Citing jurisprudence, Lagman said that the courts "do not involve themselves with or delve into the policy or wisdom of a statute."
He added: "The remedy against an unwise or improvident law is to seek its amendment or repeal by the legislature itself."
The bill, which Marcos certified urgent, hurdled the House and Senate with barely any opposition. At the Senate, which passed the bill past midnight on Wednesday, it was passed with just one "no" vote — that of Sen. Risa Hontiveros.
Pimentel and Hontiveros are the only members of the minority bloc at the 24-member Senate.

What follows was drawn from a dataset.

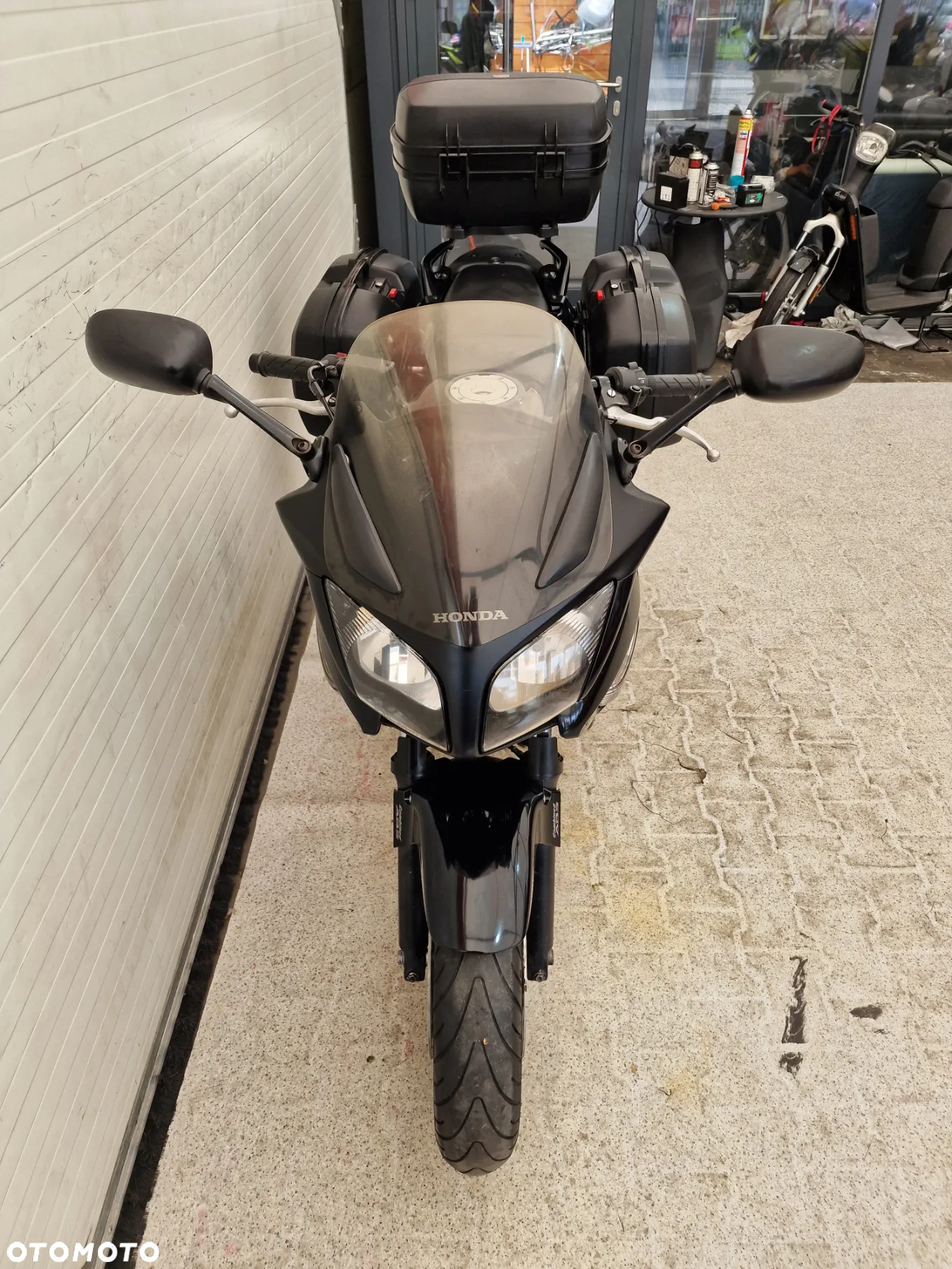 Honda CBF - 15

Funding for the P500-billion investment fund will come from the Land Bank of the Philippines, the Development Bank of the Philippines, dividends from the Bangko Sentral ng Pilipinas, and share earnings from the Philippine Amusements and Gaming Corp. Critics of the measure say it is prone to corruption and that plans for the fund are unclear.
Lagman said that money that will be put in the Maharlika fund would be better used to fund socio-economic services and infrastructure development while the government has "a huge fiscal deficit; high inflation rate; a very low human development index ranking; and poor gross domestic product (GDP) per capita."
In a separate statement Friday, Pimentel called the bill "full of opaque provisions, contradictions, ambiguities, and loopholes."